My parents are so naive sometimes. I am a daughter of the one middle-class family in the entire WORLD where I actually have to watch what I do all-the-fricken-time. Seriously, this is an extreme.

I just got yelled at and lectured for a half-hour because I have an online journal. My dad wants me to go into my information and change my name and all of my info so that no weird creepy guys come stalk me in Nowheresville Wisconsin. I'm not gonna do it. It's just so stupid. I mean they are seriously unaware that millions and kajillions of college students across the world go on these things. It's a place where I can go to get away from them!

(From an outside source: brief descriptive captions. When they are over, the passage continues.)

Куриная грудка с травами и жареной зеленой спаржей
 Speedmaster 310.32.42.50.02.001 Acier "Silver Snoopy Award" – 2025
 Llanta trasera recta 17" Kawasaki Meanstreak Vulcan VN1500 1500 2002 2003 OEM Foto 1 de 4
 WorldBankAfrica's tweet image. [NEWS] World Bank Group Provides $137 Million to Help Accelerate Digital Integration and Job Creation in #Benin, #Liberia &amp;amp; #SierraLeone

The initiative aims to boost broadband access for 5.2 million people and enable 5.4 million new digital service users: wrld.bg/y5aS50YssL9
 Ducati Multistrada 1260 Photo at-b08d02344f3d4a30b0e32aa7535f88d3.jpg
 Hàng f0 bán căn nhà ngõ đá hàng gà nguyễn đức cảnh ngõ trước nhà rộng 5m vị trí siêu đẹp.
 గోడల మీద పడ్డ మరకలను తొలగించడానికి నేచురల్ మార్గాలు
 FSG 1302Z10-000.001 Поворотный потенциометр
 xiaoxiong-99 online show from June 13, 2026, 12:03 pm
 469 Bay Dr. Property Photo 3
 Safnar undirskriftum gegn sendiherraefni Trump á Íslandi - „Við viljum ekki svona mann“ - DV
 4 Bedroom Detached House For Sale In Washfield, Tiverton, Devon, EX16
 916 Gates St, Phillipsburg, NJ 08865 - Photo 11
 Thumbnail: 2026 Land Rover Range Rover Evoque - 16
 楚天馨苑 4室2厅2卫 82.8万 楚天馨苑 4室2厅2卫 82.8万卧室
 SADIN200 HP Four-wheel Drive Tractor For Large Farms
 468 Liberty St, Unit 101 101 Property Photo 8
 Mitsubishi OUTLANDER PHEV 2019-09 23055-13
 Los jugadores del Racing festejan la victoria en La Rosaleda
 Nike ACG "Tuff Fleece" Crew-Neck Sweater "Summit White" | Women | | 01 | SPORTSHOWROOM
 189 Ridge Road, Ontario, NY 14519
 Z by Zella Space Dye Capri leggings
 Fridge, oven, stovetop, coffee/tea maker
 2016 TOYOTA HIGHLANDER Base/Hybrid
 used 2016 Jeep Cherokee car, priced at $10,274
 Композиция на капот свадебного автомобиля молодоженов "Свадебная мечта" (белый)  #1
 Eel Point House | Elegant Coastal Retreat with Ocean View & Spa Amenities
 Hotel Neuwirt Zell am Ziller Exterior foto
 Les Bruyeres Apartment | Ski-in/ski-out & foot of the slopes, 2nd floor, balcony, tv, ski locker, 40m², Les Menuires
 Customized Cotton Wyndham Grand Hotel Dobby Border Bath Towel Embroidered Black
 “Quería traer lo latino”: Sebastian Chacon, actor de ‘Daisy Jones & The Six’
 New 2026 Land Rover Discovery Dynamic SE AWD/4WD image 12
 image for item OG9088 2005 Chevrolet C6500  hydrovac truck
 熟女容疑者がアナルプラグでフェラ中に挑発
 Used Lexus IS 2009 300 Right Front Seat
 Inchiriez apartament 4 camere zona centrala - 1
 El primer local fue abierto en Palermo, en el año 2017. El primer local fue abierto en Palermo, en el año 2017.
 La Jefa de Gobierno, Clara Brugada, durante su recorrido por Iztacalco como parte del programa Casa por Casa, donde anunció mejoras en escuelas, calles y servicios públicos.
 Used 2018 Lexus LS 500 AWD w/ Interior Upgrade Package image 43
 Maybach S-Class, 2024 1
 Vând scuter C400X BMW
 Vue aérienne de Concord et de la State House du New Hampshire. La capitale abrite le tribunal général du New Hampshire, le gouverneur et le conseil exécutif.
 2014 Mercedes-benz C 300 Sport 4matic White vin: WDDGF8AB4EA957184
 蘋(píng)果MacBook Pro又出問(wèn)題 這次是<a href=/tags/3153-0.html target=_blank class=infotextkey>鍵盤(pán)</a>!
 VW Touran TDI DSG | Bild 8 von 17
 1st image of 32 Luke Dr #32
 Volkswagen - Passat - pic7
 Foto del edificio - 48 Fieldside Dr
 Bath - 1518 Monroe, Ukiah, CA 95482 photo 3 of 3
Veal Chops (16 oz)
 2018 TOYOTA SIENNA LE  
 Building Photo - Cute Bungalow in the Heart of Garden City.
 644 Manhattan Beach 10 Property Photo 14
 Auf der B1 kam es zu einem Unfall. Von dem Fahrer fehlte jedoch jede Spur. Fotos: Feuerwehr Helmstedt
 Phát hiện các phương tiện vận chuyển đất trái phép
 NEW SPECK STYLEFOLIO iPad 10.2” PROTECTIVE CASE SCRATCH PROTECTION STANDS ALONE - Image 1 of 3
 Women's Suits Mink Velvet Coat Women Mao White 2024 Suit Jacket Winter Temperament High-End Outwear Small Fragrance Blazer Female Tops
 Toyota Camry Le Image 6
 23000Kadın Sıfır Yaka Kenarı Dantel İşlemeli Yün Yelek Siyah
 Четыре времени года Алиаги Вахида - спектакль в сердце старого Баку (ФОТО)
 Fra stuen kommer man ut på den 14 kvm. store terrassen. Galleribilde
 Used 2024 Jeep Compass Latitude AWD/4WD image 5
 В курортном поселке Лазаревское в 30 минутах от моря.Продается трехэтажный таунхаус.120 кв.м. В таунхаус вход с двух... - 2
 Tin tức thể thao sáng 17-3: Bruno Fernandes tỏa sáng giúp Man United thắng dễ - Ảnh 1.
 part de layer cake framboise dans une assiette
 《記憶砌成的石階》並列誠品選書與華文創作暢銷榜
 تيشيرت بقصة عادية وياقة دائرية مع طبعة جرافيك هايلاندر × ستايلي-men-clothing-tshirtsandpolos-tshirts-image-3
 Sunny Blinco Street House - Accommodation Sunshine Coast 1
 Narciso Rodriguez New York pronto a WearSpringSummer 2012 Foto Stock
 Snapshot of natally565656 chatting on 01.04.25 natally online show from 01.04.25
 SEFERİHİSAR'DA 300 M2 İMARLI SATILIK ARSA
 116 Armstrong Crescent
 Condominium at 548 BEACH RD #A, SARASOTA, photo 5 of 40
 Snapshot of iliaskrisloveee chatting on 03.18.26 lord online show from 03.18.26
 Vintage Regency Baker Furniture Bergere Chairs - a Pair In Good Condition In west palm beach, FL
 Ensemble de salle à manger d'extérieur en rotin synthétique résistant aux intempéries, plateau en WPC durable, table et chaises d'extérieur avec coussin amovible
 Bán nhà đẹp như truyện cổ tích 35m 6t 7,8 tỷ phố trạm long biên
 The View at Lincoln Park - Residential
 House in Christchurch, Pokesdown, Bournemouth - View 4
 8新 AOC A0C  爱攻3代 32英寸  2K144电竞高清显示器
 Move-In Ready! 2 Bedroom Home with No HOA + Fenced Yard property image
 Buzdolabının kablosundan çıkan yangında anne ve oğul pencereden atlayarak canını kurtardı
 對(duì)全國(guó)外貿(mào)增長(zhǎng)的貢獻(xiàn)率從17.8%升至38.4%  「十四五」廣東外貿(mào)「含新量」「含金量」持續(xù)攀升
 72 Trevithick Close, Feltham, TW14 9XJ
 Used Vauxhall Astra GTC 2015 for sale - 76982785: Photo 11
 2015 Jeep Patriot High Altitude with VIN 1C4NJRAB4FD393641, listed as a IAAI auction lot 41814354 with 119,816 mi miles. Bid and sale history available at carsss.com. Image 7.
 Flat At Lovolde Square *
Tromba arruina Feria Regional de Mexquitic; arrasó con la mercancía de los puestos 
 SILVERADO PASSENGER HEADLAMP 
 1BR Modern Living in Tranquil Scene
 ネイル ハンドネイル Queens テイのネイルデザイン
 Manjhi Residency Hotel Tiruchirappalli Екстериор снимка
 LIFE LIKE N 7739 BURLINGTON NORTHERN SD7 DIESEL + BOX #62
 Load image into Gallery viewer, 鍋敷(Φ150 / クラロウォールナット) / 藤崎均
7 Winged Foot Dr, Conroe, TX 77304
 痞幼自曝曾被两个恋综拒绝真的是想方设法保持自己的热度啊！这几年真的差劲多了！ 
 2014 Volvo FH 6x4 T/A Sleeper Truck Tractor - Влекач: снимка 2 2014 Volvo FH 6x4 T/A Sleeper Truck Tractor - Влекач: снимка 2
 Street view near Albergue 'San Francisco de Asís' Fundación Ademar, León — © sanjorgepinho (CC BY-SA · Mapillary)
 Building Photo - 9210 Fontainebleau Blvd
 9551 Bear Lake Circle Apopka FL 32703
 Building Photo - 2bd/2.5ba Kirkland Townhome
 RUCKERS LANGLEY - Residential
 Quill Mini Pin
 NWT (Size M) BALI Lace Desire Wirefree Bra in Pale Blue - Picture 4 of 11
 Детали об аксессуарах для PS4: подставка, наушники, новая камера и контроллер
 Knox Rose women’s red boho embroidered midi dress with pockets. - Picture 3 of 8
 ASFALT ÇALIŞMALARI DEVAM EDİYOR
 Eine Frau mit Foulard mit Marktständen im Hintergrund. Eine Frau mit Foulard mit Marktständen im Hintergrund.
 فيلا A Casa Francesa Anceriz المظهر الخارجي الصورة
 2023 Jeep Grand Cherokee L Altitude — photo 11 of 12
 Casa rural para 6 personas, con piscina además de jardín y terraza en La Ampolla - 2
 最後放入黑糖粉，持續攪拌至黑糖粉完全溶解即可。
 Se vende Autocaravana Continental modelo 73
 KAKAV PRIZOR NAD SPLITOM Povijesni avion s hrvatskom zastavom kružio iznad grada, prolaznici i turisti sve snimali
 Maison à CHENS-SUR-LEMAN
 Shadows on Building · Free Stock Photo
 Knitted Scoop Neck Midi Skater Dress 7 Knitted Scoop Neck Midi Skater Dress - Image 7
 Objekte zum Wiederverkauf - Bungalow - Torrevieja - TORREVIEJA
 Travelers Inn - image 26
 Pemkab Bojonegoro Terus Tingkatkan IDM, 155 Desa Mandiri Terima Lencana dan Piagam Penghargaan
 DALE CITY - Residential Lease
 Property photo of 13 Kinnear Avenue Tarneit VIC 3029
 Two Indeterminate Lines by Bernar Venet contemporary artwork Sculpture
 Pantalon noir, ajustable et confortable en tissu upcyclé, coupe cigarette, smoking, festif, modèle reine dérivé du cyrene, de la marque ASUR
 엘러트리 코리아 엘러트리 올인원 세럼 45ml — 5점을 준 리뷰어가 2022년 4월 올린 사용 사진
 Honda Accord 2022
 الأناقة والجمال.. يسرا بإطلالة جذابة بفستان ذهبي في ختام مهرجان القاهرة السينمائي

I understand that it's a risk to put your information online, but do they actually think that my name isn't anywhere else on the internet? I even told them that I only put "Brig Massoth" as my name, and my dad's like, "Well Massoth IS your name! They're gonna find you!" They're so paranoid.

When are they gonna learn that this is my life now. I'm on my own, and I don't need their help anymore. All of the billions of lectures I got over this break would have done me no good if I was at school. I mean, they can lecture me all they want whole I'm up there, but they CAN'T for God's sakes follow me around anymore.

And don't come on here and tell me I'm wrong, because I know the rule that they made, and I damn well knew it when I was entering my name onto this site.

THEY'RE DRIVING ME NUTS!

So much has been meddled with inside of my family in the past year or so, and I tell ya, I am SICK of it. I want my own life, and I'm tired of them (exclusively my dad) always trying to teach me something. He's heard it from me more times than grains of sand on the earth, and yet he still insists on lecturing me every five minutes. There's always something you can learn in this family. No one's content to just be. I can always be this much better than I was. I'm never quite good enough, ya know? I'm never doing anything in quite the right way. And he KNOWS IT! That's the part that gets me! We've had this conversation so many times that they all blur together in my head. He knows how annoying it is to me, and yet he won't change. He's too fixed in his ways and stubborn to change for anyone else's good, yet everyone else needs to change for him.

I don't care if this is harsh, it's how I've been feeling my ENTIRE life. I just can't stand it anymore.